SERAYUNEWS — Aktivitas tambang ilegal di Desa Cihojen dan Desa Paningkaban, Kecamatan Gumelar, Kabupaten Banyumas, kini mendapat sorotan serius aparat kepolisian.
Kapolresta Banyumas, Petrus P Silalahi menegaskan komitmennya untuk menindak tegas praktik tersebut sekaligus mengingatkan potensi bahaya bagi lingkungan dan masyarakat.

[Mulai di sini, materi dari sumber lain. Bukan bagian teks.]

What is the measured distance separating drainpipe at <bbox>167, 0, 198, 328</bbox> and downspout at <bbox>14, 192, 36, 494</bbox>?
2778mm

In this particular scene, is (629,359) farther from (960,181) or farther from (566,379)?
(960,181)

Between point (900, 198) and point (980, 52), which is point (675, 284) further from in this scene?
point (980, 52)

Dalam keterangannya di Mapolresta Banyumas, Senin (6/4/2026), Petrus menegaskan bahwa pihaknya belajar dari berbagai kasus serupa di daerah lain yang berujung pada bencana lingkungan.

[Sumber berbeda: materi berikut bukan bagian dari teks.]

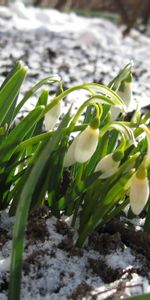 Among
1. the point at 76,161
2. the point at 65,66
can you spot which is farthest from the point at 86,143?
the point at 65,66

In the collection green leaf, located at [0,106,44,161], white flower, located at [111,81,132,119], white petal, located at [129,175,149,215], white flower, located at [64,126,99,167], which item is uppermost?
white flower, located at [111,81,132,119]

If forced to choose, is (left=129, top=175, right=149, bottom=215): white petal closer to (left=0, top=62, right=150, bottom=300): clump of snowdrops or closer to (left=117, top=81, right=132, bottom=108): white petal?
(left=0, top=62, right=150, bottom=300): clump of snowdrops

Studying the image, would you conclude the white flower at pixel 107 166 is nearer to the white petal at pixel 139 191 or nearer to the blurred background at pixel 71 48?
the white petal at pixel 139 191

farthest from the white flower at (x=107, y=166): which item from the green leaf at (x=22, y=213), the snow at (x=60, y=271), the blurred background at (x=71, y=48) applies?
the blurred background at (x=71, y=48)

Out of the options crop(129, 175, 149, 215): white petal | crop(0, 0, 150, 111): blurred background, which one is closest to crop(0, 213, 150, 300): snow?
crop(129, 175, 149, 215): white petal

“Kita punya pengalaman di daerah lain, mulai dari longsor hingga pencemaran lingkungan. Dampaknya sangat besar kepada masyarakat,” ujarnya.
Menurutnya, aktivitas tambang ilegal tidak hanya melanggar hukum, tetapi juga berpotensi memicu kerusakan ekologis serius, termasuk longsor dan pencemaran air.

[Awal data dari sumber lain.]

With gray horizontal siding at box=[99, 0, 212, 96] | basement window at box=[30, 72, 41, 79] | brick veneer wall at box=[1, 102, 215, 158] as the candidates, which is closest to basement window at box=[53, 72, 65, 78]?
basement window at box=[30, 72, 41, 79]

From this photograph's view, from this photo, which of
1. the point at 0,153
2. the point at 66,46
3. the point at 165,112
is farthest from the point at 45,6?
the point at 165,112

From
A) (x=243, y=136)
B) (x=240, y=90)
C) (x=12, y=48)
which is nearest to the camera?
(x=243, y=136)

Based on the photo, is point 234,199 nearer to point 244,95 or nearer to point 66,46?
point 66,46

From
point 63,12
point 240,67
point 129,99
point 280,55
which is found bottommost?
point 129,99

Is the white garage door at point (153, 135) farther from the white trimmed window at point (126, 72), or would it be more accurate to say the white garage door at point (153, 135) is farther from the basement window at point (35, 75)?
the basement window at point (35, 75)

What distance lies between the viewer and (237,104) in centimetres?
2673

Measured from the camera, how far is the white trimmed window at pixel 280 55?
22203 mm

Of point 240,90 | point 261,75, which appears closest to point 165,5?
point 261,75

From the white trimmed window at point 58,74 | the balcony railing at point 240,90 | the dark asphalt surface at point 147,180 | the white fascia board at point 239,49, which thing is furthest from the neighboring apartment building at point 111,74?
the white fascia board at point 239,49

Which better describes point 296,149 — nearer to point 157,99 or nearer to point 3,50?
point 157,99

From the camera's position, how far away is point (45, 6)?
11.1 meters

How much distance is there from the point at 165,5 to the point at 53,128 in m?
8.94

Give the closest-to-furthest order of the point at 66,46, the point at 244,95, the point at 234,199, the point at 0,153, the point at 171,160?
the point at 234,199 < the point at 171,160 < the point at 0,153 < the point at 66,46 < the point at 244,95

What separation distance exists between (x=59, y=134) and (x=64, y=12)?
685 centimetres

Penanganan kasus ini dilakukan secara komprehensif melalui kolaborasi lintas instansi. Polresta Banyumas menggandeng tim terpadu yang terdiri dari Satreskrim, Dinas ESDM Provinsi Jawa Tengah, DPMPTSP, serta DLH Kabupaten Banyumas.
“Kami akan membantu tim terpadu yang terdiri dari Satreskrim, ESDM Provinsi Jawa Tengah, DPMPTSP dan DLH Banyumas,” kata dia.
Langkah ini diambil untuk memastikan penegakan hukum berjalan optimal sekaligus menutup celah praktik tambang ilegal di wilayah tersebut.
Kapolresta juga mengimbau masyarakat di wilayah terdampak, khususnya Desa Paningkaban dan Cihojen, agar tidak khawatir terhadap proses hukum yang berjalan.
“Kami menyampaikan pesan kepada masyarakat, khususnya Desa Paningkaban, Cihojen dan sekitarnya, kami memastikan tidak ada kriminalisasi dalam penegakan hukum kepada warga yang tidak terlibat,” ujarnya.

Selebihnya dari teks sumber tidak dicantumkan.